Short text fragments from websites
------------------------------------------------------------------------

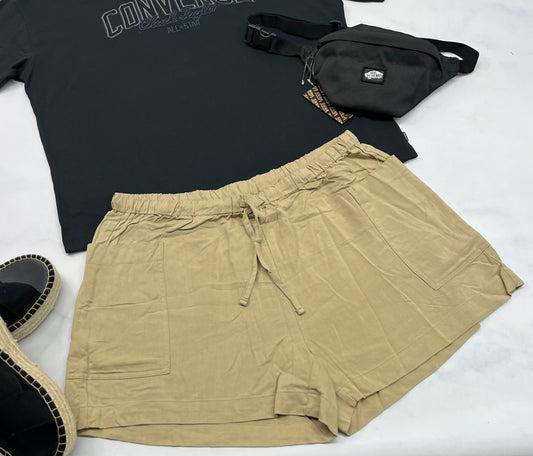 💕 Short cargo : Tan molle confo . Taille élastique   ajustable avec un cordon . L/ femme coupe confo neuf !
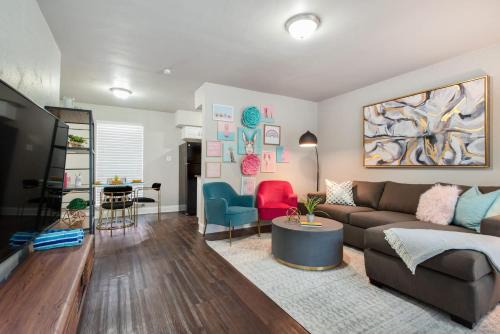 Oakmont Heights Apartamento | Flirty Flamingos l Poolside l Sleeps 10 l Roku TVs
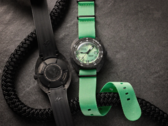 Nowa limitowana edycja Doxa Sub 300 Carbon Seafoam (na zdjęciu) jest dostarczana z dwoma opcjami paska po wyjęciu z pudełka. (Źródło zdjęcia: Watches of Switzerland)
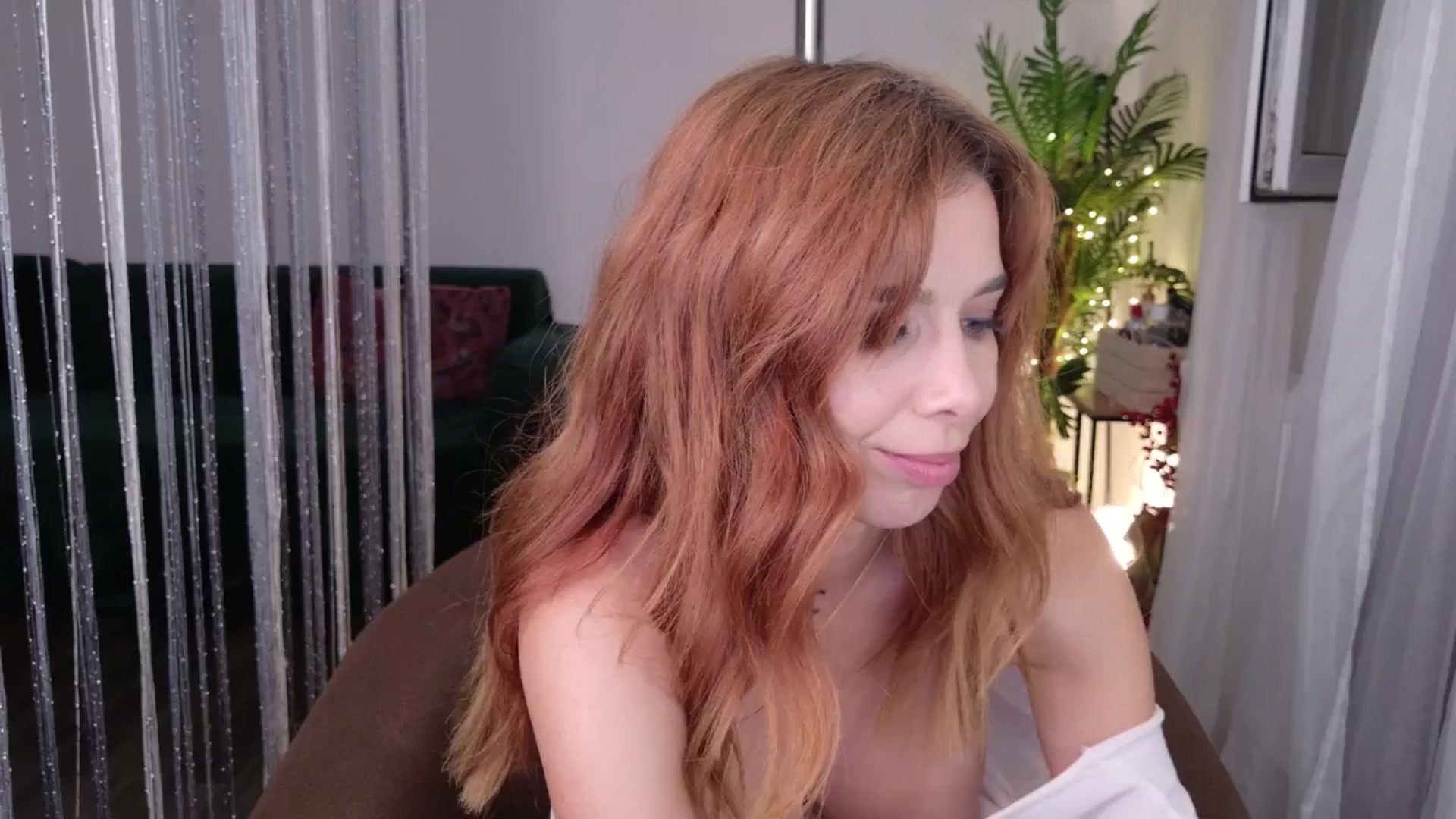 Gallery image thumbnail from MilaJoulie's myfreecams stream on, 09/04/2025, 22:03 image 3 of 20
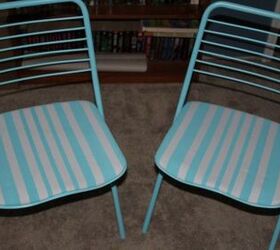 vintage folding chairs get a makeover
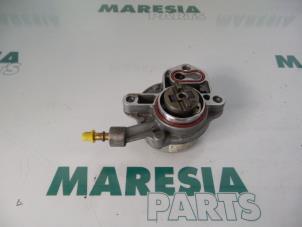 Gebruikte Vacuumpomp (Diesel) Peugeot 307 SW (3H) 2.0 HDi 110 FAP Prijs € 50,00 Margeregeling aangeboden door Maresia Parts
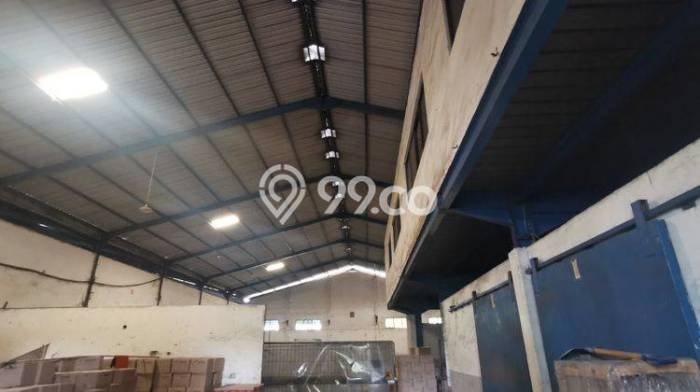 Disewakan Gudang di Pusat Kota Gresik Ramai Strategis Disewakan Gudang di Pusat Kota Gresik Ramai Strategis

------------------------------------------------------------------------

### Exercise
Repeat every record above exactly. Omit the pictures.

### Response for this exercise
 💕 Short cargo : Tan molle confo . Taille élastique   ajustable avec un cordon . L/ femme coupe confo neuf !
 Oakmont Heights Apartamento | Flirty Flamingos l Poolside l Sleeps 10 l Roku TVs
 Nowa limitowana edycja Doxa Sub 300 Carbon Seafoam (na zdjęciu) jest dostarczana z dwoma opcjami paska po wyjęciu z pudełka. (Źródło zdjęcia: Watches of Switzerland)
 Gallery image thumbnail from MilaJoulie's myfreecams stream on, 09/04/2025, 22:03 image 3 of 20
 vintage folding chairs get a makeover
 Gebruikte Vacuumpomp (Diesel) Peugeot 307 SW (3H) 2.0 HDi 110 FAP Prijs € 50,00 Margeregeling aangeboden door Maresia Parts
 Disewakan Gudang di Pusat Kota Gresik Ramai Strategis Disewakan Gudang di Pusat Kota Gresik Ramai Strategis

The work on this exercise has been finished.